*** Information supplied ***
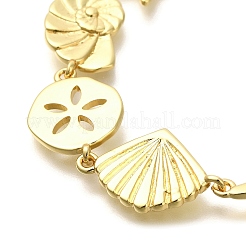 Rack Plating Brass Link Bracelets&nbsp;BJEW-P336-10G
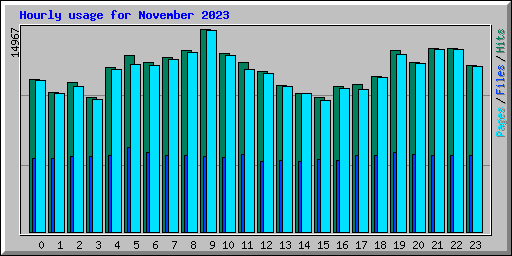 Hourly usage for November 2023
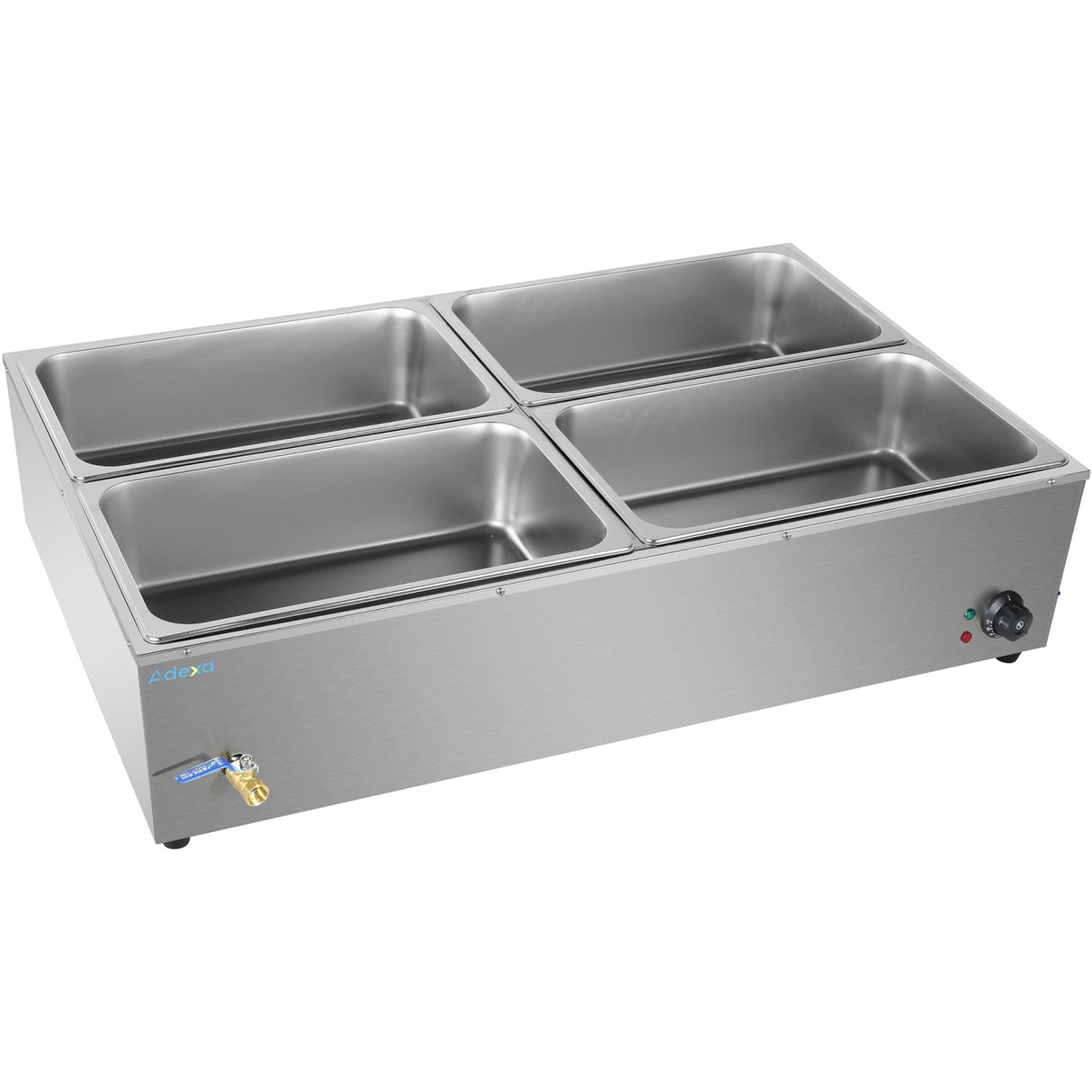 Commercial Xl Bain Marie With Drain Tap 4x Gn1/1 1100x700x280mm | Hb4 Xl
*** End of Information supplied ***
Description of the task: Repeat the data exactly. No pictures should appear.

Answer space:
 Rack Plating Brass Link Bracelets&nbsp;BJEW-P336-10G
 Hourly usage for November 2023
 Commercial Xl Bain Marie With Drain Tap 4x Gn1/1 1100x700x280mm | Hb4 Xl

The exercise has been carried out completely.